=== TASK OBJECTIVE ===
In the data that follows, find the line with "Bracelet Attached to"; transcribe it, every later line up to the one with "28 MAPLE STREET - 16", and that line as well, exactly and with no others.

=== LISTED ENTRIES ===
----------------------------------------

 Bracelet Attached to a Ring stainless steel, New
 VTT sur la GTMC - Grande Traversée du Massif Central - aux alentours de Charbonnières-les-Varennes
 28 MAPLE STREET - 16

----------------------------------------

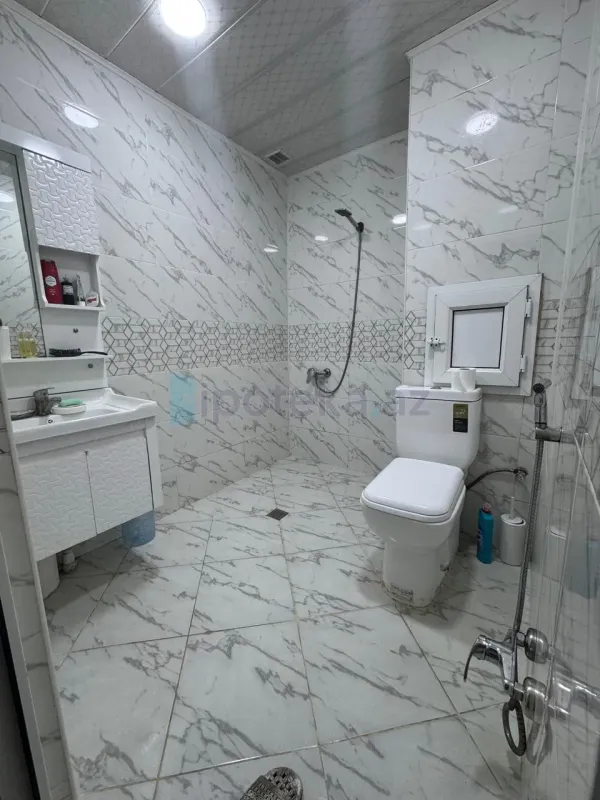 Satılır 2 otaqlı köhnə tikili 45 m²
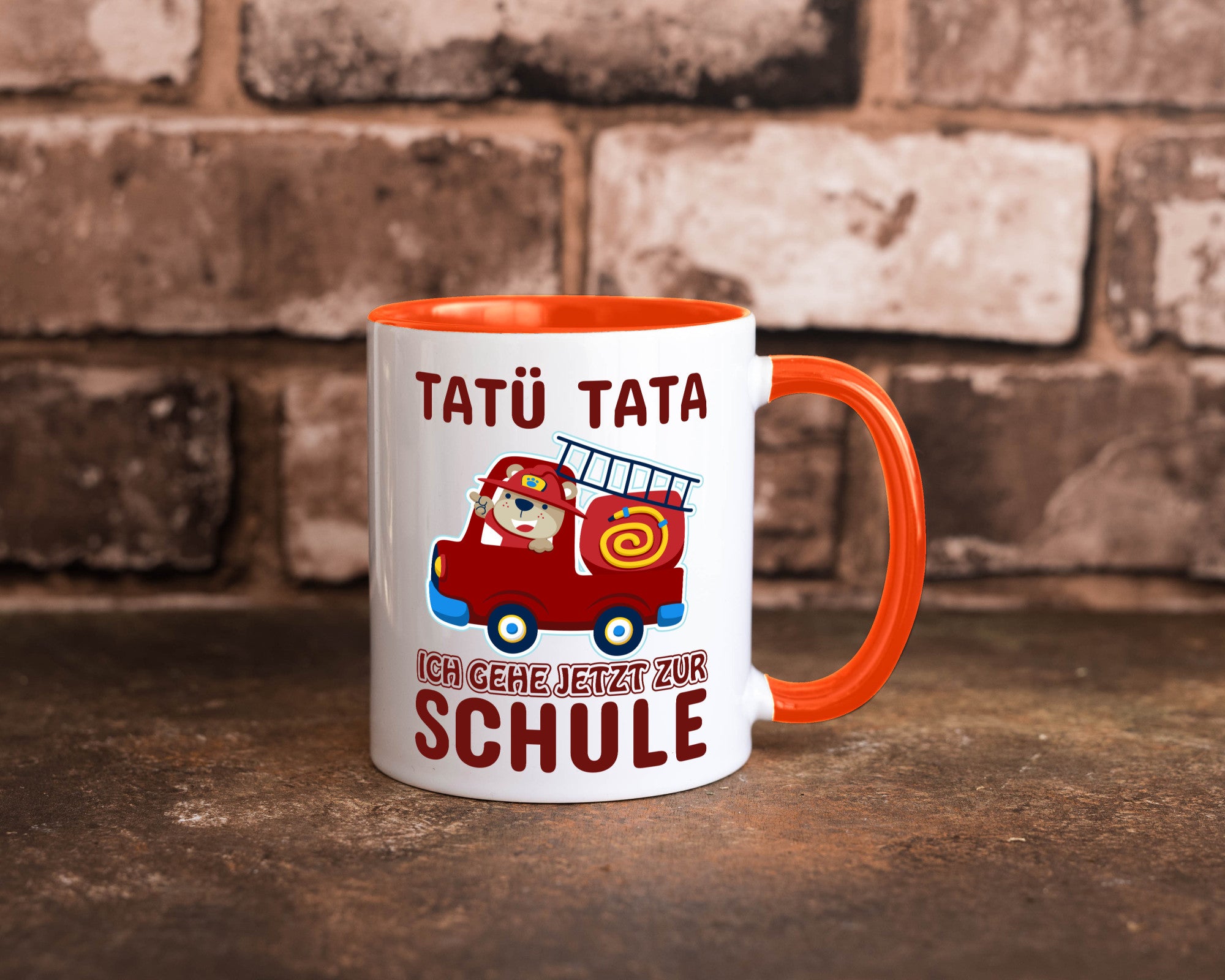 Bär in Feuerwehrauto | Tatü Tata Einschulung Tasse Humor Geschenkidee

----------------------------------------

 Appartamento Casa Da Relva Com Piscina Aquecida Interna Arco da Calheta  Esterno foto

----------------------------------------

=== ANSWER SPACE ===
 Bracelet Attached to a Ring stainless steel, New
 VTT sur la GTMC - Grande Traversée du Massif Central - aux alentours de Charbonnières-les-Varennes
 28 MAPLE STREET - 16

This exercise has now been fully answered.